The dismissal comes days after Prime Minister Dr Timothy Harris indicated during his most recent press conference that ongoing investigations into the foundation were just about completed and the SIDF will soon be brought under Parliamentary scrutiny, as promised by his Team Unity administration prior to the 2015 elections.
“The legislative framework being pursued by two QCs in our country is substantially complete, last I inquired they should be submitting it to us by next week. However they advised that it would be helpful to get the final report to see how that can be tweaked in light of any issues that may be pertinent to the new governance agenda. The commitments which we made in the manifesto to greater transparency would certainly be embedded in the next legislative creation that we would bring in relation to the SIDF and it may be called another name so that we distance ourselves from that grievance and abomination it turned out to be,” Harris said.
The SIDF and its operations have come under heavy criticisms over the years over its lack of transparency and accountability. It was sharply criticized also for the fact that it operates as a private entity with funds generated from the sale of citizenships — a national commodity and privilege
“We will not recoil from any of the commitments which we made with respect to the SIDF, that there must be public accountability, there must be regular reports being submitted to the parliament so that the people of the country can know more and become a part of what is happening with their patrimony,” Harris added.
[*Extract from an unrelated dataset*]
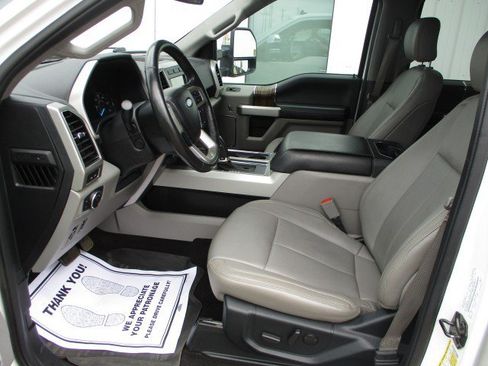Used 2020 Ford F150 Lariat w/ Equipment Group 502A Luxury AWD/4WD image 11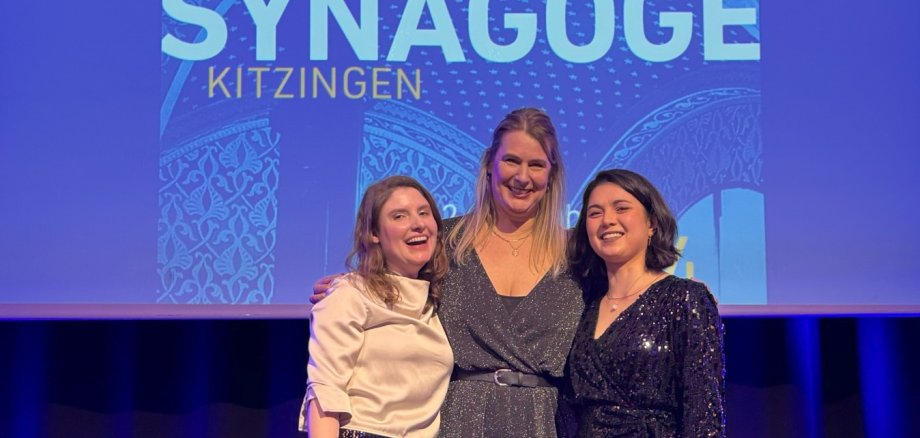 Public-Quiz: Vorverkauf läuft Romana Wahner, Daniela Schneider und Sheena Ulsamer laden zum Public-Quiz ein.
He indicated at the most recent press conference that the SIDF investigation was virtually complete except for necessary consideration and review by cabinet.
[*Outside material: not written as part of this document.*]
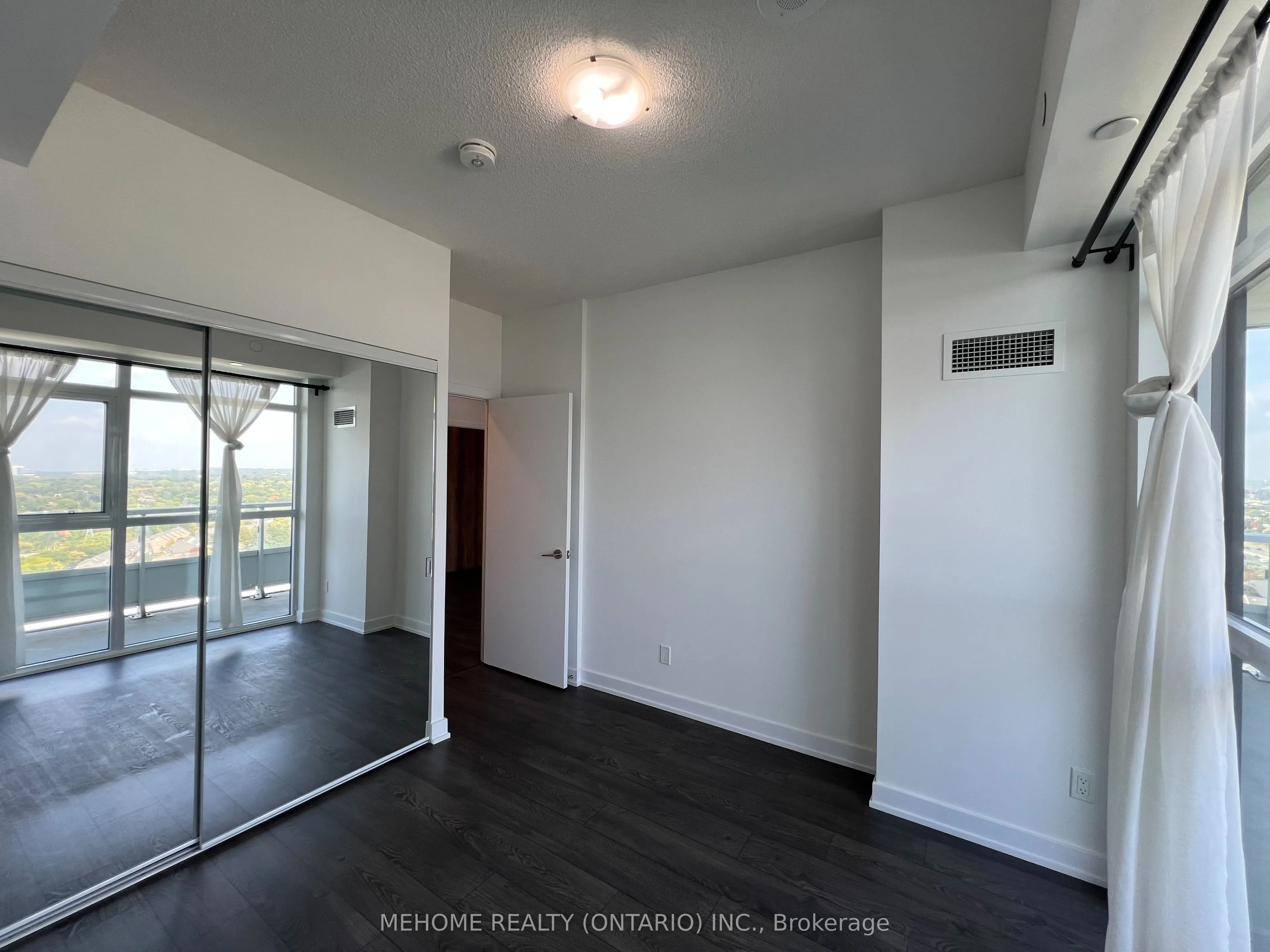 251 Manitoba Street, #2410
“What has happened is once you get in to the tangled web there’s a lot more work that needed to be done for them to bring the kind of assurances. We expect very shortly and before the budget presentation, to be able to make a statement to the country in relation to that. It is not unheard of either in relation to a regular audit that you can have delays more so for the investigative nature of this one because part of it is to go through a maze of documents, find them, verify them etc and there has been some element of a lack of cooperation from some of the entities involved and that of course led to some delays in the finalization of the report but the report is substantially complete,” Harris said.
“The absence of control at the SIDF was so bad that it was difficult for them to be able to move with the speed that had been anticipated and you add that to the fact that the SIDF had not produced audited financial statements for a significant period of time, the last one perhaps would have been 2013 that they had provided audited reports. You add that to the fact that you had entities such as the Kittitian Hill Belmont Resort whose report would impact upon the financial statement statements of SIDF and their accounting was not up to date in terms of auditing, so it is those complexities that has led to a prolonged engagement with respect to Ernst & Young presenting its report to us,” Harris concluded.
The controversial management of the SIDF by the former Denzil Douglas-led administration came in for some unpleasant findings following a preliminary review in May by multinational firm Ernst & Young.
Speaking at a monthly press conference held in May 2015, Harris said that the review of the SIDF operations over the period 2010-2014, which he announced on March 15, had revealed some troubling initial findings.
“The review has revealed that the SIDF was operated in a manner unbecoming of a multi-million dollar entity. The board of councilors and senior management operated with scant regard for proper procedures and best practices expected of those with fiduciary responsibilities,” Harris said.
The SIDF was touted by former PM and now leader of the opposition, Dr Denzil Douglas, as a private foundation outside the ambit of government oversight. Under the Douglas administration the fund amassed hundreds of millions of dollars from the sale of St Kitts-Nevis citizenship for up to US$400,000 cash per citizenship.
The SIDF was founded in September 2006 by the National Bank Trust Company, which is a subsidiary of the St Kitts Nevis Anguilla National Bank, a public limited company with the majority shareholder being the federal government of St Kitts and Nevis.